One is a subset of the other.
No they aren't. There's is no part of "the player controls what his PC says and does" that touches on "the player authors the fiction outside of the PC," and vice versa. They are two very different things.
I’m not sure what this means. I play and run a variety of games, and I’m applying the idea of agency consistently to them all. I’m not changing agency for my Spire campaign from how I view it for my Mothership campaign.
See above. The two types of agency cannot happen at the same time. You cannot both author the fiction outside the PC in the same moment as you are saying what the PC does or says that affects things. They can occur closely after one another, but so can multiple instances of one or the other.
Time is finite. You cannot have more agency in one game that the other, because the two agencies are mutually exclusive in the same moment of time.
Maybe you're some magic man that controls time and creates time loops or does other crazy stuff that no one else can. I doubt it, though.
I don’t know who the “we” is that you’re referring to. Proponents of a living world would not allow the game to grind to a halt due to players not being proactive.

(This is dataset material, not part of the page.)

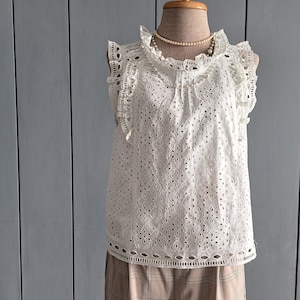 May include: White sleeveless top with eyelet detailing and a ruffled neckline. The top has a delicate, feminine design.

Nice Strawman. I'm not talking about a living world. I'm talking about a sandbox. In fact, if you were actually going to start reading to understand instead of reading to reply, you'd have read that I said that when the game shifts to be more linear with the passive players, the living portion of the game still happens. So of course a living world doesn't grind to a halt due to players not being proactive. A sandbox does, though. A sandbox cannot happen if the DM is initiating things.
I understand the approach quite well. As I said, if the PCs do nothing, that doesn’t mean nothing happens. That goes against the idea of a living world. I find your accusations that I don’t understand this type of play to be unfounded and clearly ironic.

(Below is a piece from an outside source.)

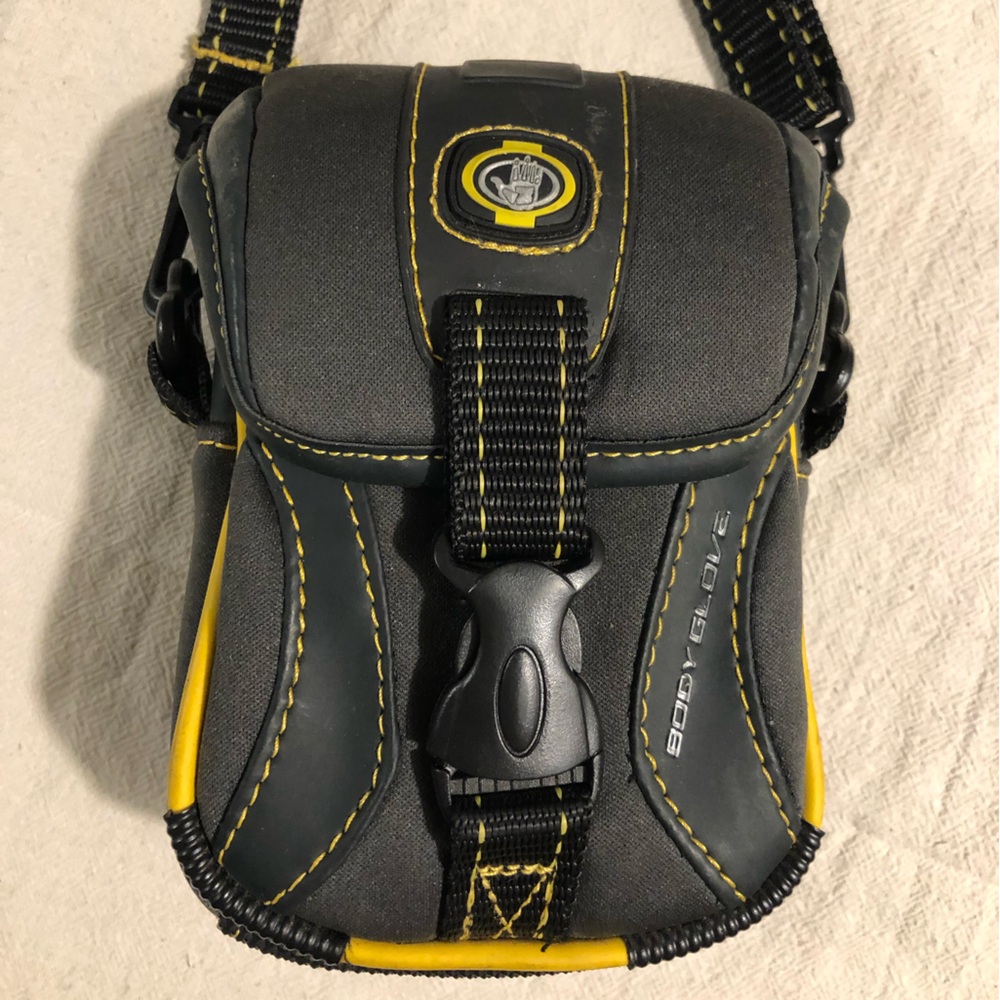 BODY GLOVE Crossbody bag. 4”w x 6”h x 2”d. Black w/yellow. Adjustable strap 21”.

You said that in less 10 seconds of game gnolls could seek out giants, persuade them to attack, and then the giants could get to town to attack it. Because that's how much time happens when nothing is happening. The players aren't sitting at the table in the inn for the days or weeks it would take for all that to happen.
As for time, two things. First, the passage of time is an illusion. It can go as fast or as slow as we’d like. However, second, I never said to take only ten seconds to do this. If you were familiar with a living world, you’d know that the GM would be determining these developments at regular intervals. So, if the PCs don’t address the gnoll pack raiding caravans, then the pack collects booty from the raids. Maybe after a month, they’ll have enough to coin to approach the giants. Maybe a couple weeks later, they attack the town.
You did say 10 seconds, because that's how much time passes while the PCs are just sitting at the table and the players are staring at me. And it was during the staring time that this is all happening.
If I'm going to initiate something, it's not going to be something that takes days or weeks to happen when only a few seconds of game time are happening.
In a living world the DM doesn't just decide to backdate time and have something occur in the past that did not already happen, so the gnolls didn't decide to retroactively have approached the giants.
It would 1) have already have had to be planned, and 2) could not be aimed at the PCs like that. If either one of those isn't happening, it's not part of a living world.
If I'm initiating something to get the game moving with passive players, it cannot be part of the living world unless it just coincidentally was something pre-planned for that specific moment and the PCs just happened to proactively go there. None of which occurs when PCs are passively sitting at a bar.
In the event of players who don’t do anything, you can offer them opportunities for action. If they don’t take any, then you have the gnolls and giants attack town. Now they have to do something. Hopefully, this provokes them to be less inactive in the future.
Right. I said that. It's just not 1) a living breathing part of the world, and 2) not a sandbox any longer.
I also said that in my experience, passive players don't switch to proactive. Your experience may be different, but in mine if they aren't proactive from the get go, I have to initiate things a lot over the course of the entire campaign.